Entdeckt wurden bisher mit Sicherheit zwei römische Siedlungen und zwar „Villa rustica", d. h. die zur Zeit des Römischen Reiches typischen Landgüter, von deren Existenz in der Gegend man wusste, aber die Stellen nicht genau kannte. Ende der 1970er-Jahre hatte der Hermannstädter Archäologe Nicolae Branga die Villa rustica in Großpold/Apoldu de Sus  erforscht, die eine Winzer-Farm gewesen war. Um was für Landgüter es sich bei den nun entdeckten handelt, kann Dr. Pinter mit Genauigkeit nicht sagen. Ihre Pflicht ist festzustellen, wie weit sich eine derartige Siedlung oder ein Baudenkmal unter der zukünftigen Autobahn erstreckt. Erst in der zweiten Etappe wird der Fund untersucht – sollte ein Auftrag erteilt werden.

Die zwischen dem Reußmarkter Bad/Băile Miercurea Sibiu und Cunţa gelegene Villa rustica in der Nähe der Kreisgrenze überlagert eine Siedlung aus der Steinzeit, die ein paar Tausend Jahre älter ist. Gefunden haben die Archäologen Spuren von frühmittelalterlicher Besiedlung, wobei die relativ geringen Funde an Keramik, Grubenhütten usw. darauf schließen lassen, dass es sich um Niederlassungen aus der Völkerwanderungszeit handelt.

Entdeckt aber wurde eine sehr große Siedlung – die von 50 zu 50 Metern durchgeführten Stichproben ergaben, dass sie sich zwischen Kleinpold/Apoldu de Jos und Reußmarkt/Miercurea Sibiului auf über 1 km Länge und 75 Meter Breite erstreckt – aus der späten Bronzezeit/Anfang Eisenzeit, also der Hallstattzeit. Gefunden hat man schöne Keramik, und zwar Stücke von großen Tongefäßen von  schwarzer, geglätteter Keramik, durch die die Bronzezeit berühmt ist, so Dr. Pinter.

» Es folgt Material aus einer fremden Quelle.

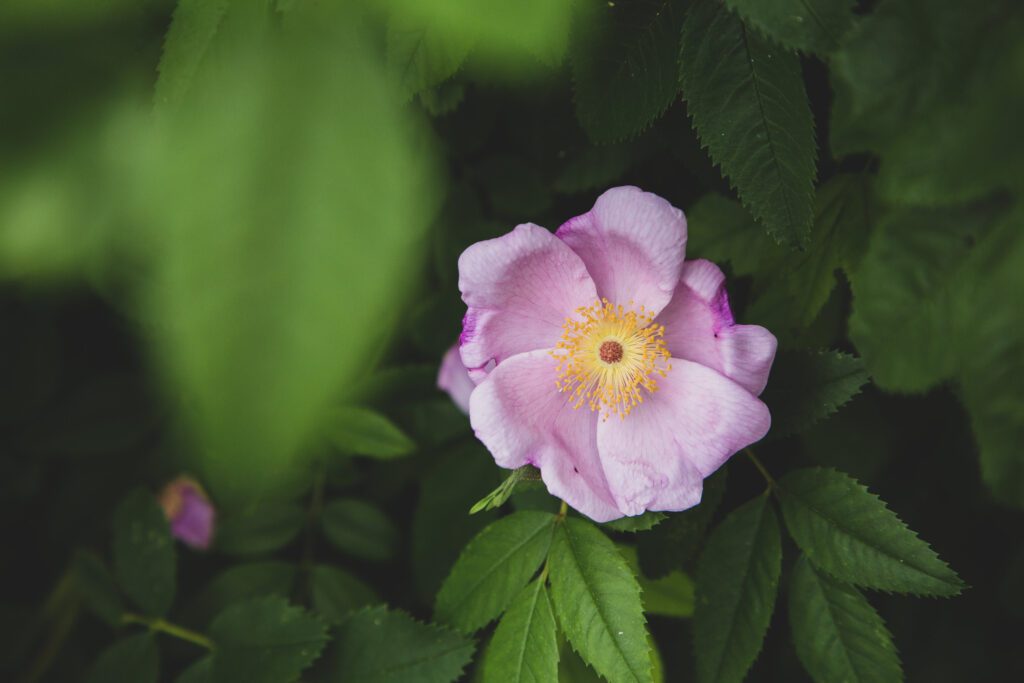 Bloom Pink Flower Free Stock HD Photo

Die Archäologen arbeiten mit einem Spezialbagger, der keine Zähne am Greifer hat sondern eine messerartige Schneide. Damit werden ganz dünne Schichten abgetragen und es wird festgestellt, wie tief die materialreichen Schichten gehen. Bereits in den oberen Schichten wurde im Bereich dieser Siedlung sehr viel Material gefunden. Um festzustellen, wie tief die materialreichen Schichten sind, wurde bis zum gewachsenen Boden gegraben und dabei stieß man auf eine Wohnung aus der Hallstattzeit. Das sind sogenannte Aschewohnungen: sie enthalten sehr viel Asche, weil sie wahrscheinlich mit Schilf gedeckt waren, das abbrannte und die Asche hat sich in den Gruben gesammelt, erläutert der Archäologe.

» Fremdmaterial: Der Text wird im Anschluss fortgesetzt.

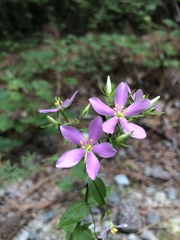 Sabatia angularis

Wo Funde sind, bleibt das Archäologen-Team stehen, fertigt Zeichnungen an und fotografiert, kartiert auf GPS und Landkarte. In der zweiten Etappe werden diese Siedlungen erforscht – wenn der Bauherr das bestimmt. Es besteht die theoretische Variante, die Autobahn weiter weg von dieser Stelle zu führen, die Kosten des Neuentwurfs sind aber um vieles größer als wenn man eine systematische archäologische Forschung finanziert. Eine solche wird im Fall der Hallstatt-Siedlung nötig sein, in dem Sinn, dass die wichtigsten Materialien fotografiert, abgezeichnet und in Museen deponiert werden, denn konservireen kann man eine solche Siedlung an Ort und Stelle nicht.

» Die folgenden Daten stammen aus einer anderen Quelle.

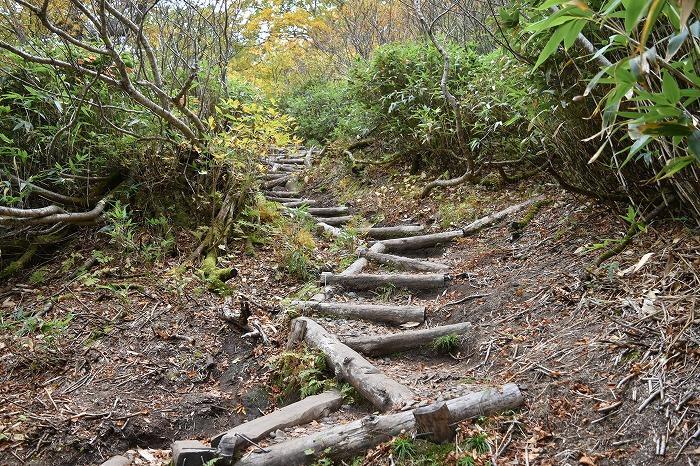 【北海道】「カムイミンタラ（神々の遊ぶ庭）」と呼ばれる大雪山系・黒岳で紅葉をめでる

Über diese Hallstatt-Siedlung wird die Autobahn führen. Mehr Glück hat die Villa rustica: Zum einen gibt es am Territorium des einstigen Daziens Tausende, zum anderen wird die Autobahn in der Nähe der Villa auf Pfeiler gestellt, weil sie die Bahnlinie überqueren muss und dadurch wird von der Stätte der einstigen Siedlung wenig zerstört.